Waspada
Waspada » Pecatan TNI Dan Rekan Culik, Sekap, Aniaya Korban Diduga Kuat Terkait Bisnis Narkoba
Headlines Sumut

Pecatan TNI Dan Rekan Culik, Sekap, Aniaya Korban Diduga Kuat Terkait Bisnis Narkoba

WAKAPOLRES Tanjungbalai Kompol Jumanto memperlihatkan foto kondisi korban penculikan dan penganiayaan.
WAKAPOLRES Tanjungbalai Kompol Jumanto memperlihatkan foto kondisi korban penculikan dan penganiayaan.

TANJUNGBALAI (Waspada): Tim Khusus Anti Bandit Sat Reskrim Polres Tanjungbalai meringkus seorang pria pecatan anggota TNI beserta tiga temannya diduga pelaku penculikan, penyekapan, dan penganiayaan berat, Rabu (1/7) sekira pukul 17:00.
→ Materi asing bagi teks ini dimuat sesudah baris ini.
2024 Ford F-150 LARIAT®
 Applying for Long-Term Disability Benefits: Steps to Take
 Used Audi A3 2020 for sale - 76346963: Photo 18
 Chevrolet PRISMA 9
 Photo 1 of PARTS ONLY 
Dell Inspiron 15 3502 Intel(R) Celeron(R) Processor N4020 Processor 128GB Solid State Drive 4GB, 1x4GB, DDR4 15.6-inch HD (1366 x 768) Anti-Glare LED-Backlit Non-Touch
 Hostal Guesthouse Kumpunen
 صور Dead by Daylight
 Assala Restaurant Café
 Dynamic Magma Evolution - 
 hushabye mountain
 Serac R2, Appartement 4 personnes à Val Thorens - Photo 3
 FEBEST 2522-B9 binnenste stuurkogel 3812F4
Kapolres Tanjungbalai AKBP Putu Yudha Prawira melalui Wakapolres Kompol Jumanto didampingi Kasat Reskrim AKP Rapi Pinakri dan Kasubbag Humas Iptu AD Panjaitan dalam konferensi pers, Kamis (2/7) di mapolres menyebutkan, ketiga tersangka, KH alias Udin, 44 pecatan TNI, warga Jln Tengku Angkash Kel Pasar Kec Tapaktuan Kab Aceh Selatan.

Pria ini ditangkap di depan Polres Asahan.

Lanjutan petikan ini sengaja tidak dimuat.